• How to complete this task:
Skip the pictures and retype exactly the lines from the one holding "In the first" through the end of the entries.

Start of Supplied records

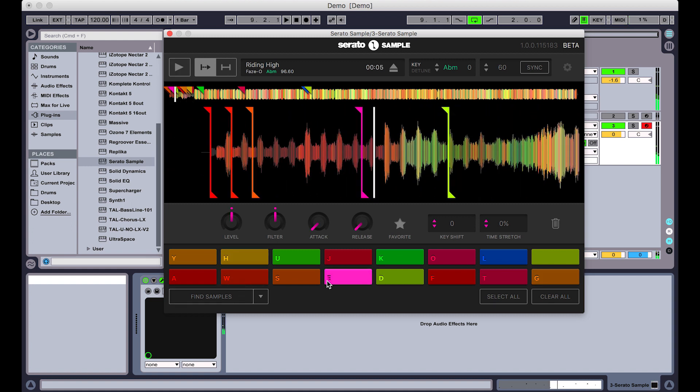You can also save them as you go. So for example, I might like this E pad, so I'm going to favorite that. So when I hit Find Samples, it's going to leave it, but swap out the rest.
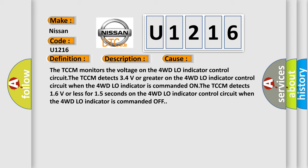The TCCM monitors the voltage on the 4WD low indicator control circuit. The TCCM detects 3.4 volts or greater on the 4WD low indicator control circuit when the 4WD low indicator is commanded on. The TCCM detects 1.6 volts or less for 1.5 seconds on the 4WD low indicator control circuit when the 4WD low indicator is commanded off.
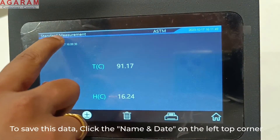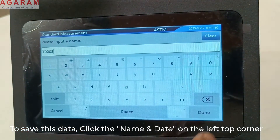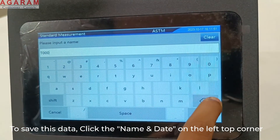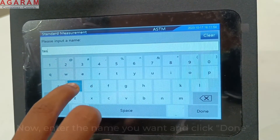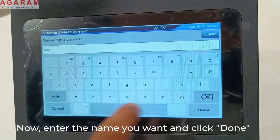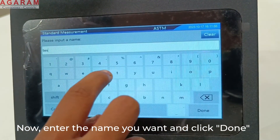To save the measured value, click the name and date stamp on the left top corner and key in the name of your choice.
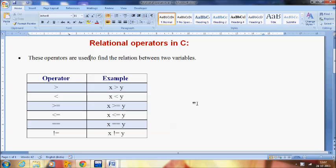There are different types of operators available in C, such as greater than, less than, greater than or equal to, less than or equal to, strictly equal to, and not equal to.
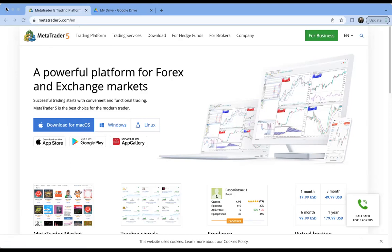Now you should have MetaTrader 5 installed on your computer, whether you're on a PC or a Mac. Go find the program wherever it is — on a Mac it's in Applications, just find MetaTrader 5 and open it. On a PC, find it wherever things downloaded and open it from there.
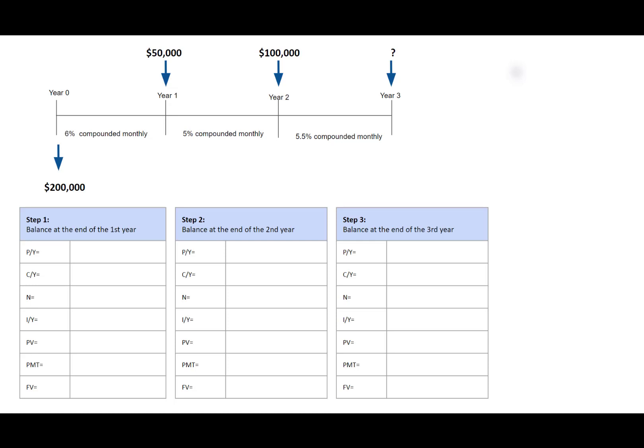In the first step, interest rate is 6% compounded monthly. IY is 6, CY is 12. Present value is 200,000. Let's make PV negative here. Since PV and FV are always in opposite signs, we will be expecting a positive FV. PMT refers to periodic payments; there is no periodic amount involved here, therefore PMT is 0.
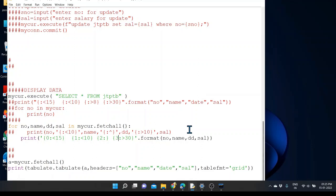Up to this we are covering in this video — the create, insert, select, update and delete process. How we will create a menu-driven program and how we will combine file handling along with that, we will discuss within the next video. Thank you.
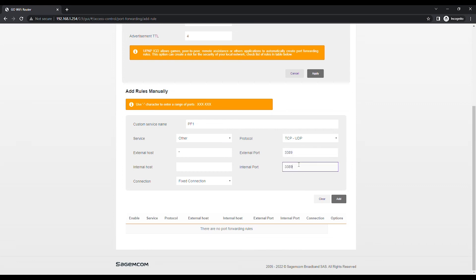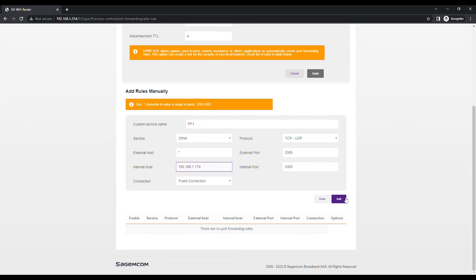Type in the private IP address of the device next to internal host. Leave connection set to default. Fixed connection as Port Forwarding entries will only work for fixed connections. It will not work for mobile.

End of Supplied records

• Your response:
In the first step, interest rate is 6% compounded monthly. IY is 6, CY is 12. Present value is 200,000. Let's make PV negative here. Since PV and FV are always in opposite signs, we will be expecting a positive FV. PMT refers to periodic payments; there is no periodic amount involved here, therefore PMT is 0.
Up to this we are covering in this video — the create, insert, select, update and delete process. How we will create a menu-driven program and how we will combine file handling along with that, we will discuss within the next video. Thank you.
Type in the private IP address of the device next to internal host. Leave connection set to default. Fixed connection as Port Forwarding entries will only work for fixed connections. It will not work for mobile.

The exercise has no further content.